The reason he’s at these Winter Games in the first place is in large part because of his fiancée, fellow skater and three-time Olympic silver medallist Marianne St-Gelais, and his coach, Derrick Campbell, who convinced Hamelin to keep skating after Sochi.
“I was faster, stronger, fitter and better technically, and I was improving in my race skills,” Hamelin explains. “I was talking with my coach and with Marianne and just thought, ‘I’m still improving, why stop now? I’m sure I can do four more years.’ And here I am.”
Here he is, and with a far different role than we’ve seen him occupy at past Olympics. He was the favourite four years ago. Now he’s the wily veteran on a team stacked with medal hopefuls, competing in what will likely be his final Games.
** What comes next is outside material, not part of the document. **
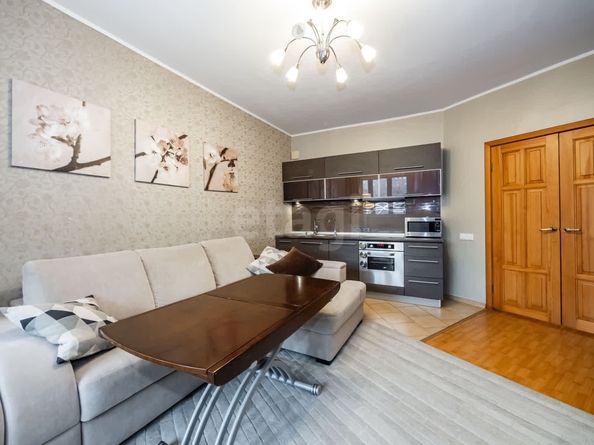
   Продам 2-комнатную, 60 м², Лескова ул, 15

. Фото 4.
Hamelin won his last world championship in 2016, at 1,000-m., and in 2017 won bronze at that same distance.
“I’m the veteran of the team by far,” he says, with a laugh. “I want to have good results, but I also want to make sure that the Canadian team — all the young guys with me — have good results also.”
Among the group of 15 or so skaters in Montreal who train together, “there’s some guys who are 19, 20,” he says. “I just want to give them the good path to have success.”
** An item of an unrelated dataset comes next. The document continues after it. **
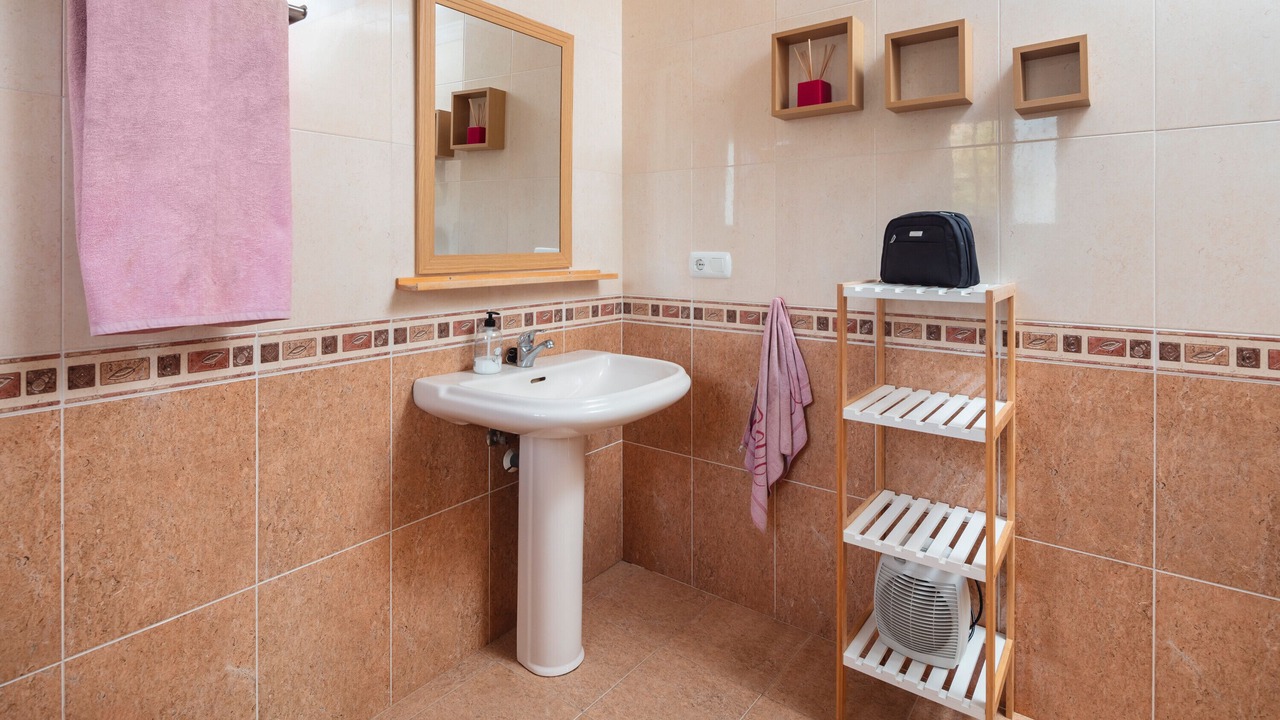 Photo of Bathroom in Canillas de Aceituno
Hamelin believes he’s improved in his leadership role as he’s aged, but if you ask Charle Cournoyer, who won 500-m. bronze in his Olympic debut four years ago, Hamelin needn’t say a thing to be a leader for this team.
“I’ve learned everything from him,” the 26-year-old Cournoyer explains. “When I first came on the national team three years before the last Olympic Games, he was the big guy — he still is the big guy. I learned from just looking at him. That’s how I qualified for my first Games, by learning and looking at him and adjusting my game, my instinct.”
The man who captured this nation’s attention with a double gold performance in Vancouver eight years ago is back for one last crack. And he acknowledges those two slips in Sochi might have been a good thing, after all.
“It was Marianne who told me, ‘Maybe it’s just destiny, it was not the end for you,’” Hamelin says. “She was right.”